In most organisations that have embarked on a change programme, one ofrepparttar 109342 more common complaints byrepparttar 109343 employees is thatrepparttar 109344 leader does not ‘walkrepparttar 109345 talk’. In a school, if a principal is not willing to learn and adapt to changes, there are no compelling reasons forrepparttar 109346 staff to do so. The Scout’s motto, ‘ Lead by Example’, is a major criteria of what a principal must do to succeed in leading change.

In order to create a thinking and learning organisation, principal will become researchers and designers rather than controllers and overseers. They should also be a model of learning torepparttar 109347 rest ofrepparttar 109348 organisation and encouragerepparttar 109349 staff to be life-long learners. (Senge, 1990) More importantly, a principal must not merely communicate in words, but by deeds to convincerepparttar 109350 staff thatrepparttar 109351 change is happening at all levels. These build a sense of esprit de corp inrepparttar 109352 school that will help in lesseningrepparttar 109353 pressures that change brings to organisations.

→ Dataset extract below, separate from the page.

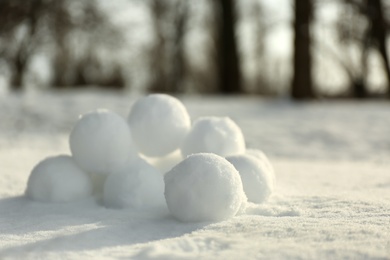 Photo of Perfect round snowballs on snow outdoors, closeup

In short, a principal has to be perceived to be capable in leading school educational development by his or her own example. (Dunning, 1993; McHugh & McMullan, 1995) Unlessrepparttar 109354 staffs are convinced, they will not work co-operatively towardsrepparttar 109355 success ofrepparttar 109356 change programme.

Empowering Vision

A change programme requires a change of vision. According to Kotter (1995, p.10),

“ A vision says something that clarifiesrepparttar 109357 direction in which an organisation needs to move.”

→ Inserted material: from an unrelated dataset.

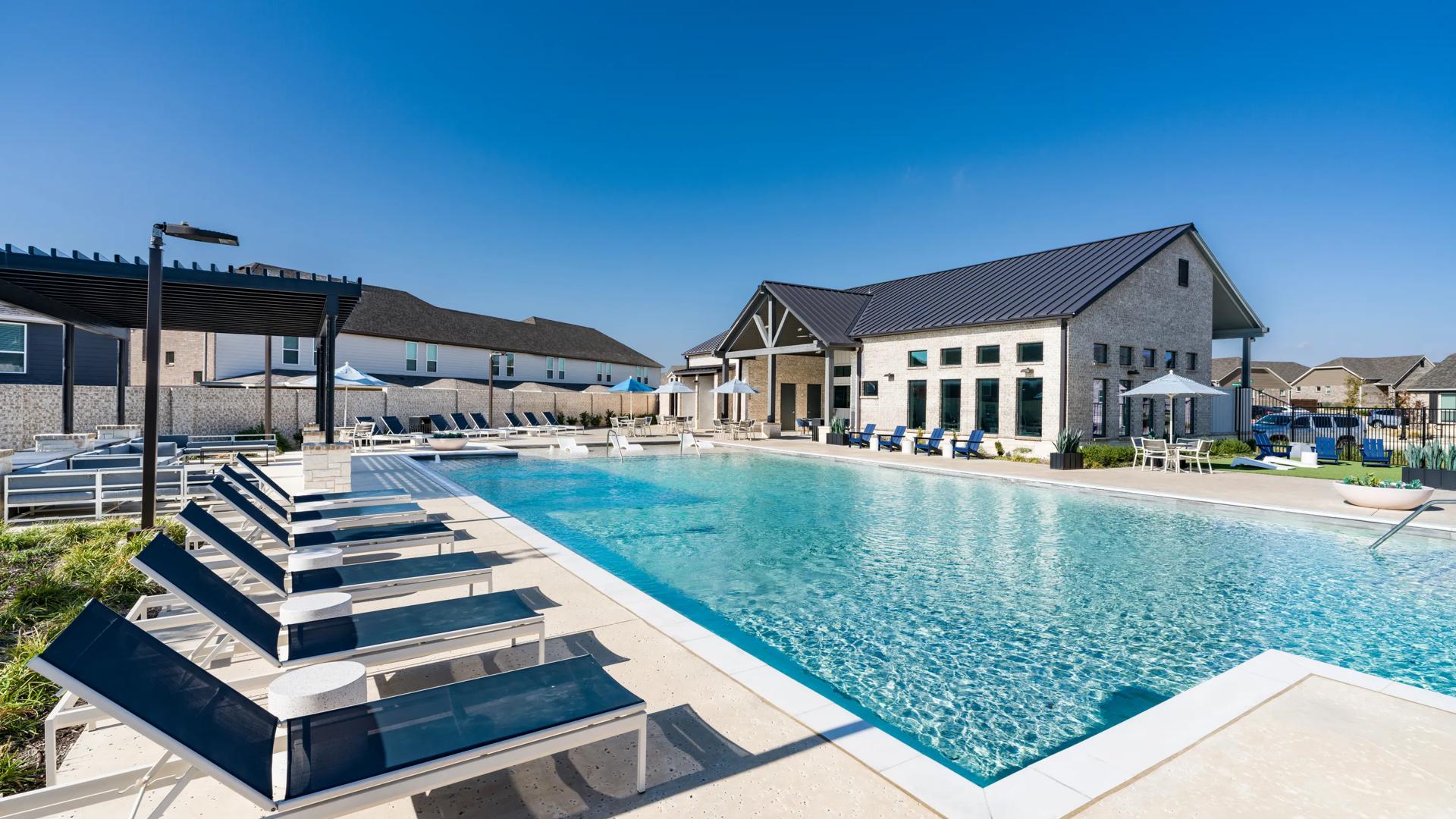 pool with sundeck and in-pool seating amavi celina homes for rent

The Ministry of Education developedrepparttar 109358 vision of TSLN inrepparttar 109359 middle of 1997. Inrepparttar 109360 schools, banners are put up to heraldrepparttar 109361 vision of TSLN and school principals were expected to alignrepparttar 109362 teachers towards this shared vision forrepparttar 109363 betterment ofrepparttar 109364 schools. The principals are expected to modify culture through skill in communication ofrepparttar 109365 necessary shared values for a changed vision. (Campbell-Evans, 1993).

Adaptive Change

In most organisations’ change programme,repparttar 109366 appropriate pace of change is often ignored. Most leaders are impatient to see results and thus apply unwarranted pressures on those involved inrepparttar 109367 process .In Singapore schools; such a situation is a commonplace. Withrepparttar 109368 MOE’s intention of creating a world-class educational system in Singapore, many new initiatives are introduced within a short period of time. Most ofrepparttar 109369 initiatives will require much time and effort ofrepparttar 109370 teachers, on top of their already-heavy load. Such a situation often causes distress andrepparttar 109371 principal has to addressrepparttar 109372 issues.